Freeway interchange in Las Vegas, NV

The Centennial Bowl is a freeway interchange in Las Vegas, in the U.S. state of Nevada, in the Centennial Hills neighborhood. It serves Interstate 11 (I-11) / U.S. Route 95 (US 95) and Clark County Route 215 (CC 215; Bruce Woodbury Beltway). After the full completion of the interchange in 2023, the beltway was upgraded to freeway standards in its entirety.

==History==
===Original configuration===
Originally, the interchange at US 95 and CC 215 at Centennial Hills built in 2003 did not have any flyover ramps and no direct access for some directions.

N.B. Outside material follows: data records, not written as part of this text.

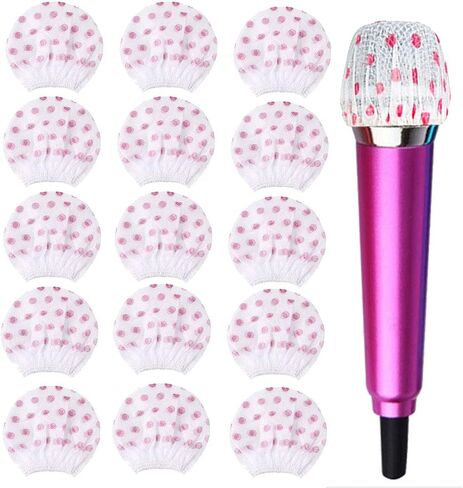 N / A 200 Pieces Disposable Microphone Cover, Protective Mic Cap, Hygiene Microphone Cover, Fit to O Shape Microphones, for KTV, Recording Studio, Lectures(White-red dot) in Saudi Arabia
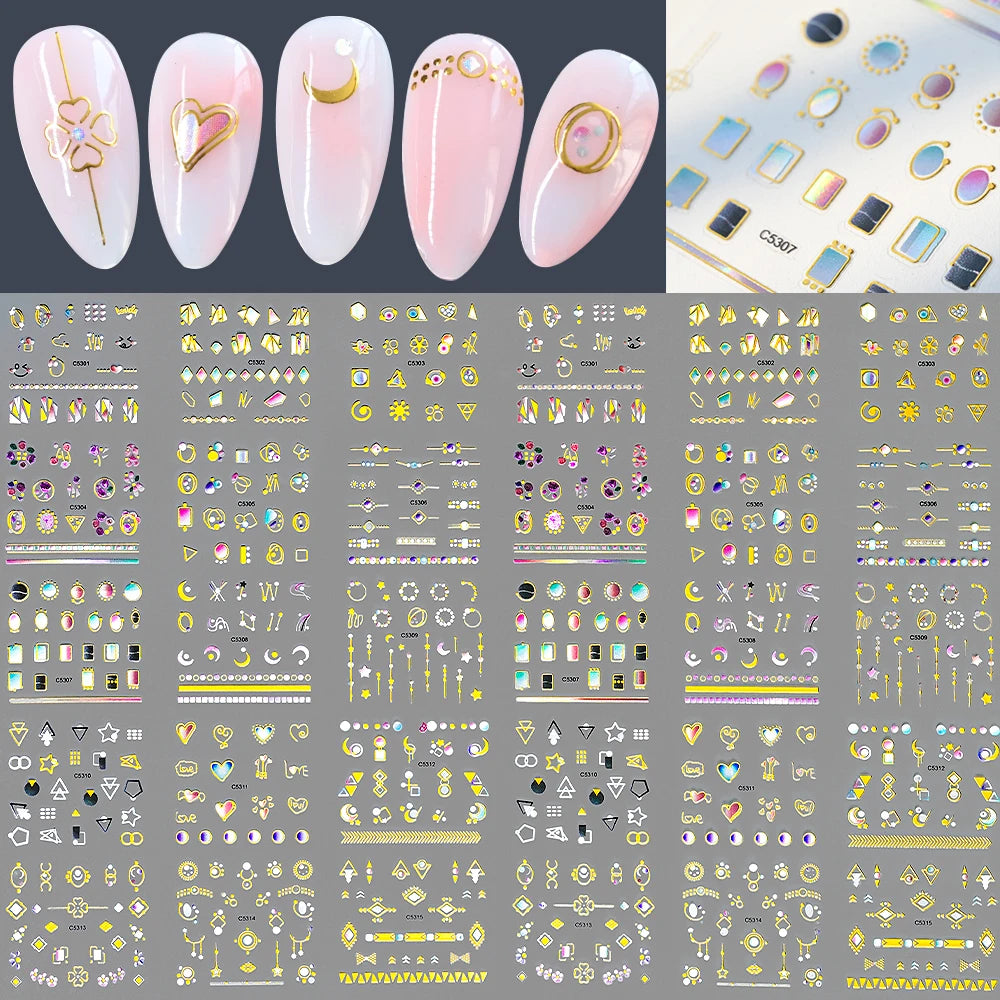 30Pcs Gold Edge Moon Heart Nail Sticker Self-Adhesive Luxury Metallic Zodiac Nail Decal Sliders Manicure Tips Nail Decoration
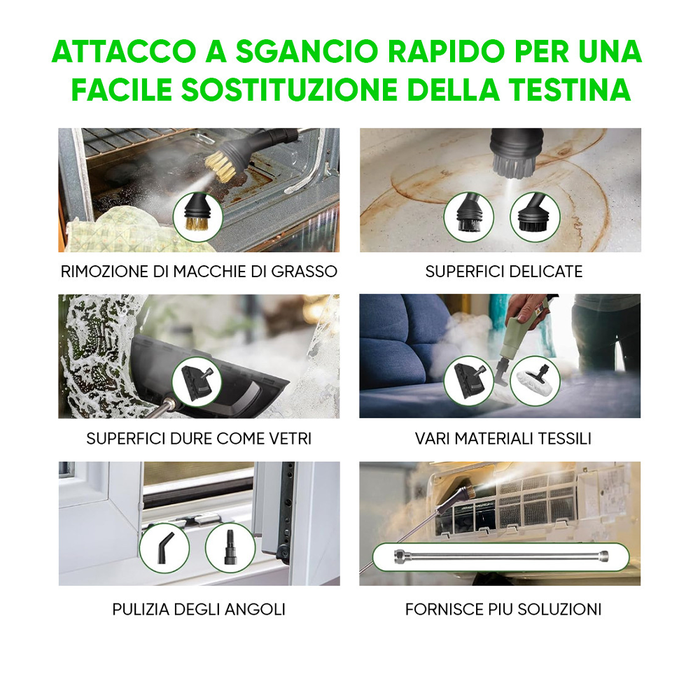 Steam Cleaner Idropulitrice a Vapore 2500W - Igienizza senza detergenti
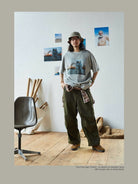 USAGE Vintage Photo Print Cotton T Shirt in Gray - On Male Model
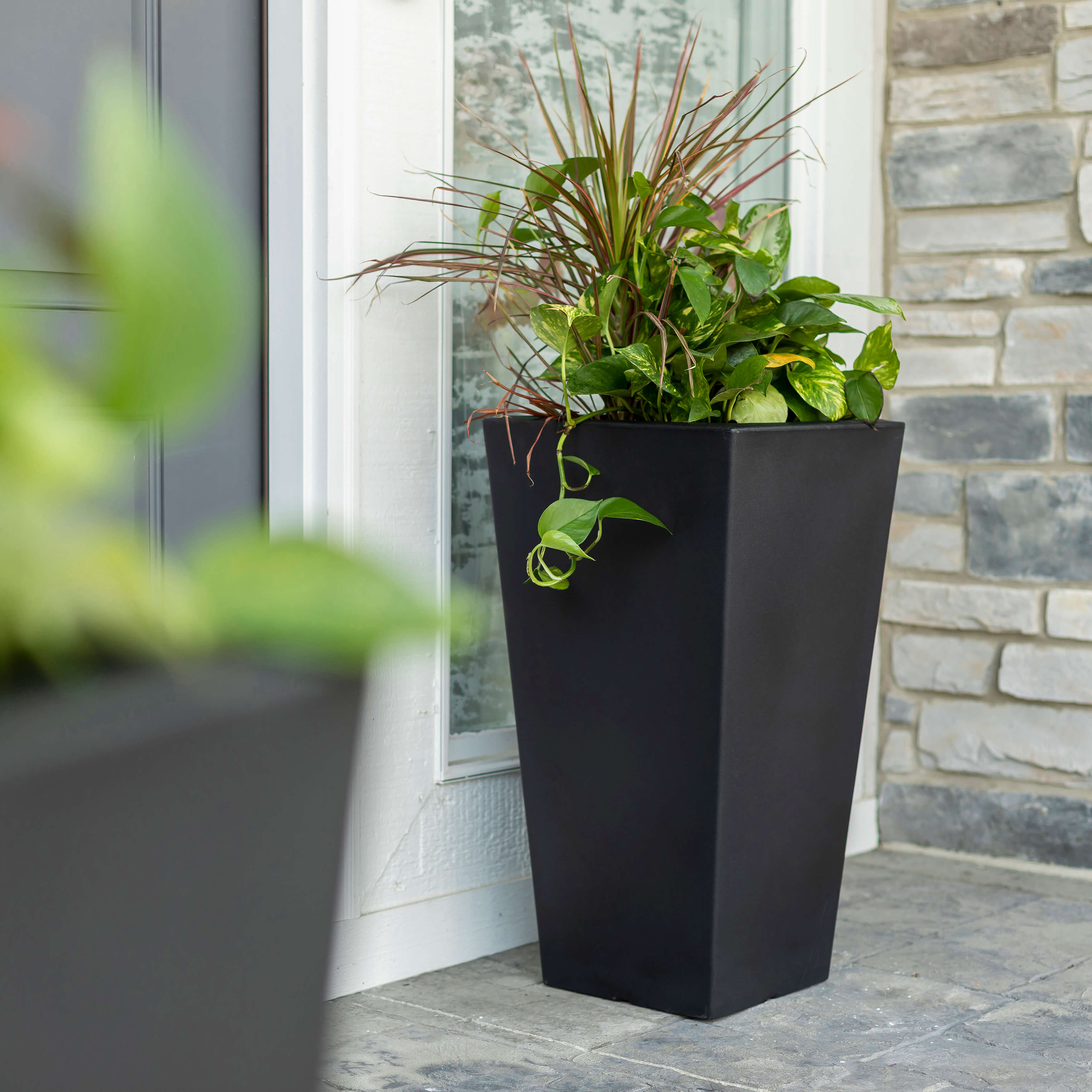 Tremont Tall Square Tapered Planter - Onyx Black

The original interchange had US 95 at freeway standards, but CC 215 with two temporary at-grade intersections. Traffic on the beltway that needed to travel northbound on US 95 would have to turn onto Sky Pointe Drive at a traffic light, turn left to continue on Sky Pointe Drive, and then finally turn left onto a right-in/right-out (RIRO) onto US 95 north. The situation was even less direct for southbound US 95 traffic getting onto the beltway; southbound traffic would have to either exit the interchange at Durango Drive then follow Oso Blanca Road south to its intersection at CC 215, or exit via a RIRO, turn right onto Centennial Center Boulevard, and enter CC 215 via the beltway/Durango Drive interchange.

===Centennial Bowl project===
In August 2015, construction of the Centennial Bowl interchange project began.

In July 2017, the first flyover of the interchange was completed, connecting CC 215 west to US 95 south. Around this time, a US 95 north–CC 215 east ramp was built.

In September 2020, the second and longest flyover was completed, connecting US 95 north to CC 215 west and replacing a loop ramp connecting US 95 to the beltway. It is the second longest bridge in Nevada after the I-11 viaduct (then-signed as I-515) in Downtown Las Vegas.

In October 2020, the third flyover ramp was completed, connecting US 95 south to CC 215 east, but with a few delays, but finally opened in the start of 2023, along with a CC 215 east–US 95 south ramp.

In January 2021, the $155 million final phase of Centennial Bowl construction began. This project included a CC 215 interchange with Sky Pointe Drive and connecting ramps to Oso Blanca Road, a CC 215 east–US 95 north flyover, a CC 215 west–US 95 north ramp, a US 95 south–CC 215 east ramp, and conversion of CC 215 from interim roadway to freeway within the interchange area. On December 4, 2023, the $272 million Centennial Bowl project finished construction.

On May 21, 2024, US 95 was re–designated as I-11 by NDOT due to an expansion in Nevada, linking Las Vegas, Phoenix and Reno after the American Association of State Highway and Transportation Officials (AASHTO) approved the I-11 designation in October 2022 along with the Federal Highway Administration (FHWA) on November 24, 2023.